L’attuale crisi nel rapporto tra la società e la squadra pone interrogativi sulla gestione del club da parte di De Laurentiis: l’assenza di collaboratori autorevoli sembra avere in parte determinato il caos scoppiato due settimane fa, dopo la partita con il Salisburgo. «De Laurentiis ha un’impostazione padronale: è un accentratore che ha trasferito nel Calcio Napoli l’organizzazione della Filmauro e infatti in entrambe aziende l’altra figura chiave è il manager Chiavelli. L’unico dirigente che veniva dal settore industriale è stato Fassone, che peraltro fece poco nella breve permanenza a Napoli. Ma questo aspetto riguarda altri club italiani, anche quelli che sembrano più strutturati come la Juventus: dove c’è una figura, quella di Agnelli, che accentra i poteri ed è arrivato ai ferri corti con un manager come Marotta, quando egli ha espresso pareri contrari sulla gestione. Si può fare un esempio anche con l’ultimo imprenditore apparso sulla scena calcistica italiana, l’italo-americano Joe Commisso, che non potendo seguire la Fiorentina ha delegato il suo braccio destro Joe Barone. Come si vede, non è solo il Napoli ad avere una struttura centralizzata».

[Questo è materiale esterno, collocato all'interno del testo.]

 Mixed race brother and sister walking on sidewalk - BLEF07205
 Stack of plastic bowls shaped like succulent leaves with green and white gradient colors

Perché ritiene che il calcio sia lontano dai nuovi modelli economici? Per la sua organizzazione verticistica? «Tra gli anni 90 e il Duemila tante società si sono quotate in Borsa, in particolare in Premier League, dove adesso invece ne è rimasta una, il Manchester City, peraltro non quotato su un mercato europeo. Le società presenti in Borsa sono attualmente 24 e poche appartengono a tornei di prestigio. Il limite del calcio? Dovrebbe patrimonializzare. È vero che la Juve ha costruito un proprio stadio, ma questa fonte di guadagno è cancellata da debiti notevoli. Una corretta gestione economica sarebbe basata su utili e creazione di strutture, commisurate a possibilità di raccolta. Questo settore resta particolare perché c’è un elemento emotivo, rappresentato dai risultati, che non ha riscontri in altre industrie».

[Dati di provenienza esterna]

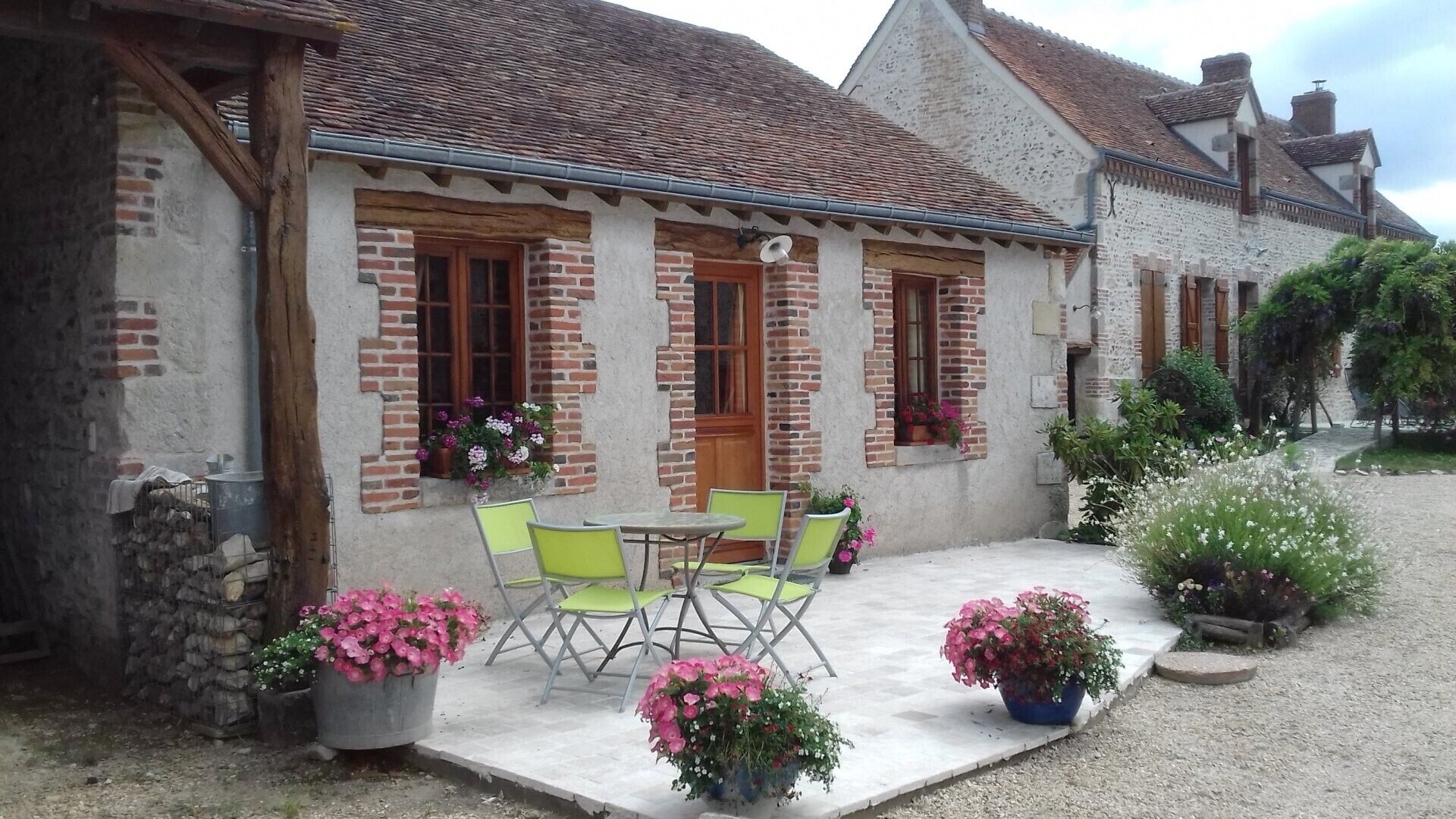 Un bâtiment de style rustique, avec une façade en briques, une porte en bois et un petit patio agrémenté d’une table et de chaises.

Uno dei temi affrontati nel suo libro è stato il predominio del Nord in serie A: la dittatura della Juve si è riproposta anche recentemente e alle sue spalle c’è l’Inter, dunque non vi sarà più spazio per nessun altro club? «È un fattore tecnico, anche se da un punto di vista economico la Juve ha effettuato terrificanti aumenti di capitale, con debiti su debiti: può permettersi di farlo perché alle spalle c’è Exor».
Ritiene possibile l’arrivo di un socio nel Napoli? «Non credo che sia questo l’interesse di De Laurentiis, che potrebbe eventualmente vendere la società in presenza di una forte offerta se ritenesse concluso il suo percorso. È importante che il presidente non corra rischi».
Indossando i panni di presidente della Eca, l’associazione dei club europei, pochi giorni fa Agnelli ha paventato il rischio recessione per il calcio europeo. «Non vedo proprio questa possibilità perché il calcio vive in una situazione drogata, a cominciare dalle fittizie plusvalenze: il discorso vale per le leghe più importanti, dall’Inghilterra all’Italia. Il calcio è un mondo artefatto: è come se vivesse in una bolla e per questo segue particolari regole, distanti da principi economici».